When I got to the office I finally was able to read the email from the woman who had texted me (also one of the women I had forwarded Ofelia’s email to). She had contacted people at the U.S. Embassy on our behalf, and they had told her about Fulbright and Humphrey scholarship opportunities—the deadlines for which had already passed, but when she told them about this girl they agreed to extend the deadline to this Friday. Which explained the urgent text. I forwarded the information and applications to Ofelia and called her immediately to make sure she saw them and completed them as soon as possible. Cross your fingers!

Shenzi ensures that every last noodle of spaghetti gets eaten


Friday night we celebrated another PCV’s birthday with her out on the town in Maputo. It’s fun to occasionally get dressed up and go out like that. But very very occasionally—a Peace Corps allowance doesn’t cover many nights like that. At the end of the night we got a ride home with a Mozambican friend and his friend was in the car as well. He turned around and was chatting to us and asked our names. When Anna told him hers he said “oh were you in Namaacha? I did your dreds, remember?” And yes, in fact, when Anna got her hair put into dreds almost 2.5 years ago, it was this guy who did it!

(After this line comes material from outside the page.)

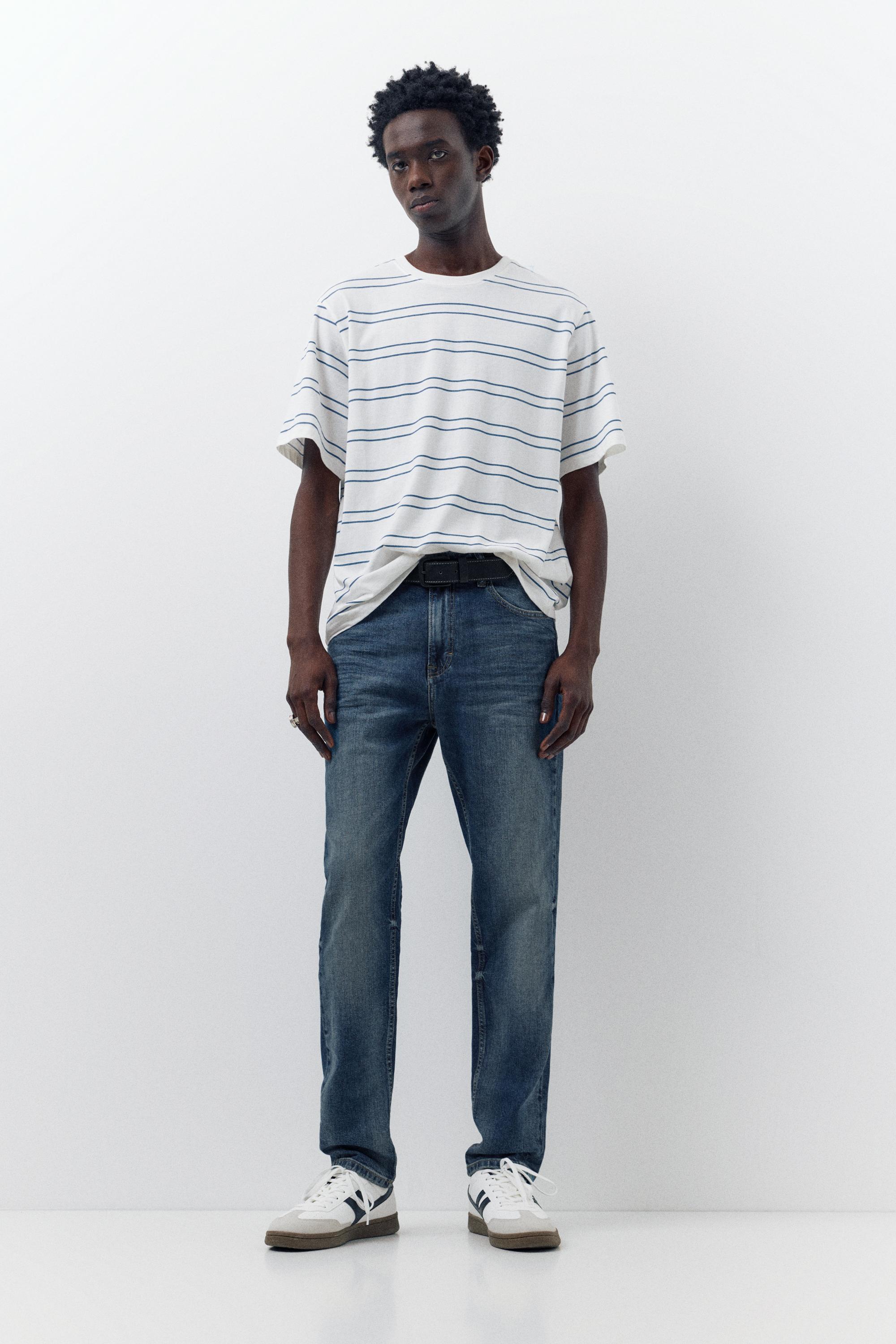 Slim fit jeans — Neon blue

At mass today the same little girl came over to sit on my lap again, this time bringing a friend with her. Last week I had asked her if she knew how to give the money for the offering and she nodded at me, so I handed her my money. But apparently she didn’t understand (and who knows if she even speaks much Portuguese) because she walked over and offered the money to her mother. Her mother was quite confused as to where her daughter had gotten so much money, but one of the girls from the orphanage who was sitting with us went over and explained and took the little one up to the front to put the money in the basket. This morning I asked her if she understood this time and she nodded confidently, so I gave her and her friend money to offer for me. As she made her way up to the front (which is just a disorderly mob every week because there is no concept of lines here), she proudly showed off her money to everyone she could with a huge grin on her face.

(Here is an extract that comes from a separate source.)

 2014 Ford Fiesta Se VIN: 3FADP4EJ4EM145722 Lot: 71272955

After mass it is customary for everyone to hang out in front of the church for a long time socializing, so in my attempt to before more a part of the community of Namaacha I did this. Though admittedly I socialized mostly with people under the age of 12—girls from the orphanage. One of them pointed out a white girl about my age who I had seen around town a few times, so I went over and introduced myself. She is Ecuadorian and volunteering for the sisters here, so we made plans to hang out sometime. One of the girls hanging all over us grabbed our hands and put them together, asking “why are you this color and she is this color?” She is fairly pale and I just came off a weekend at the beach. I laughed and asked why her hand was lighter than her friend’s. I think a couple of the girls were genuinely surprised, I don’t think they had ever realized that “white” people might come in different shades of pale.